While both Solomon and Rosen’s may seem extreme and offbeat, they’re actually something of the spirit of WPRB which was started not by a university-driven agenda but by a student who created a signal from a makeshift studio at the university and created in the words of a university radio historian “a sanctuary for the imagination.”
For more on WPRB, visit www.wprb.com.
In addition to the area’s annual holiday radio programs, there is also a regional television tradition that has been warming the eyes off and on for 55-years: WPIX’s The Yule Log.
The televised image of a burning log in a fireplace hit the airwaves on Saturday, December 24, 1966, at 9:30 a.m. and glowed on through the night.
It now glows for a few hours on Christmas morning.
The Yule Log was the brainchild of Fred Thrower, the former television ad executive who eventually became the president of WPIX.
He came up with the idea when he had to fill three hours of empty airtime on the Christmas Eve schedule.
A chance viewing of a Coca-Cola commercial with Santa and a fireplace inspired him to create a simple video loop of a crackling fire with music and broadcast it with no commercial interruptions.
As strange as the idea was (and still is), the television turned fireplace — without the heat, scent, or glow — became, in the words of an NPR commentator, “one of the most widely recognized holiday television programs.”
The Yule Log nearly was extinguished in the 1990s when ratings dropped and WPIX cancelled it.
However, executives decided to bring it back after the World Trade Center attacks in 2001, and its ratings rebounded to the millions.
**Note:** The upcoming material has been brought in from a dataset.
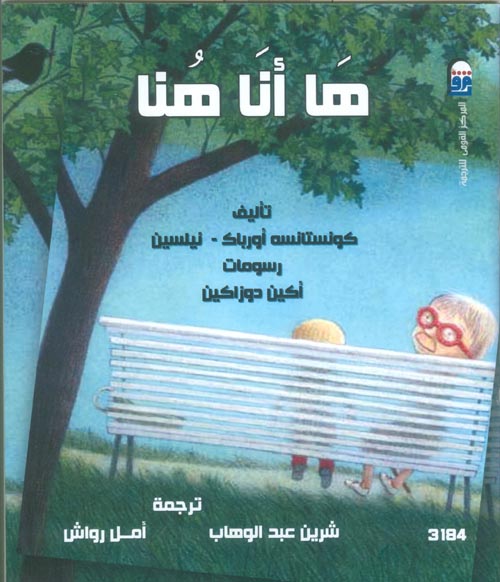 ها أنا هنا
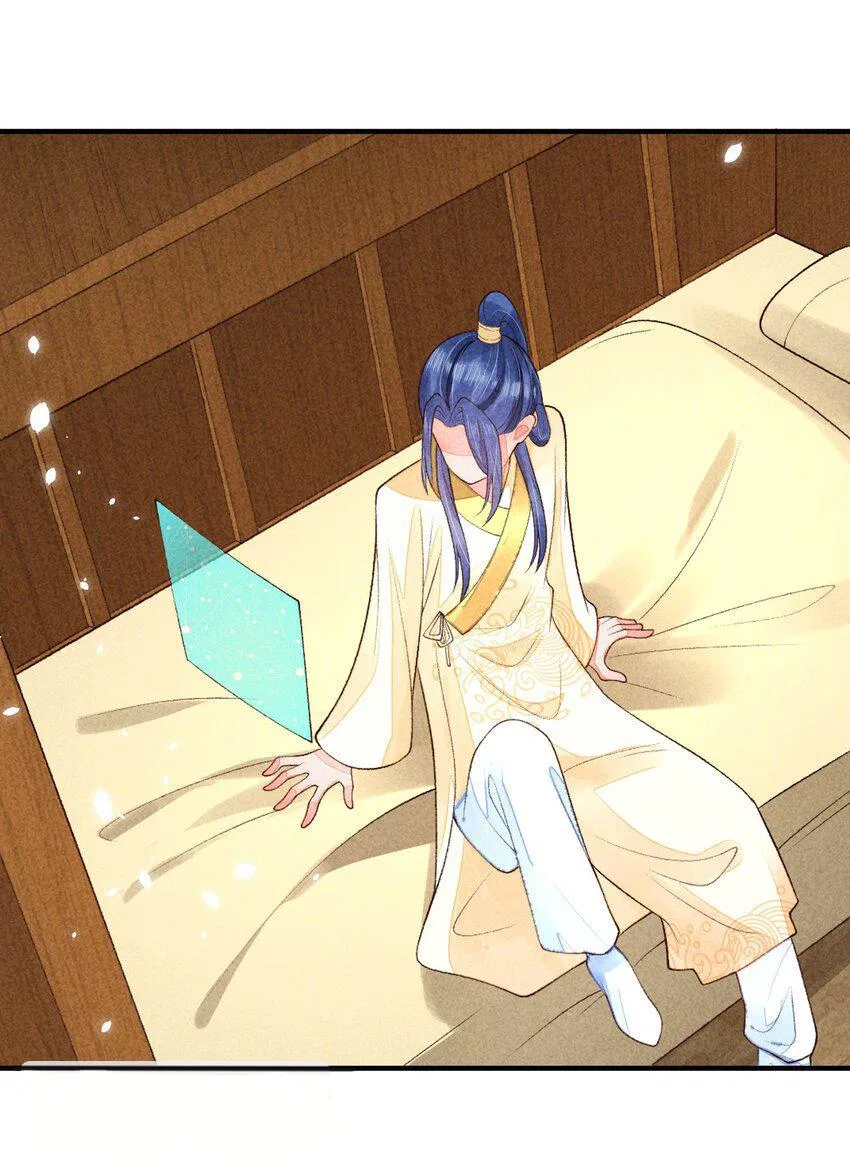 I Raised A Sick And Weak Prince Chapter 112 – Page 8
As NPR noted years later, “There’s something very special about the fact that you’re watching the same burning fireplace that someone else is. I think it was a statement beyond just a burning fireplace on TV, of us being a connected society.”
Since the tradition of watching the Yule Log had become part of people’s lives, it was inevitable that someone would use new technologies to recreate the DVD version of the video hearth to warm up one’s computer and their own wallets.
Nevertheless, according to TheYuleLog.com, “That famous and glorious 7-minute film loop of that roaring, happy, mesmerizing fire inside that festively decorated mantelpiece complemented by the majesty of some of the greatest classic Christmas music ever recorded is indeed the one and only WPIX Yule Log. It has often been imitated, but never duplicated.”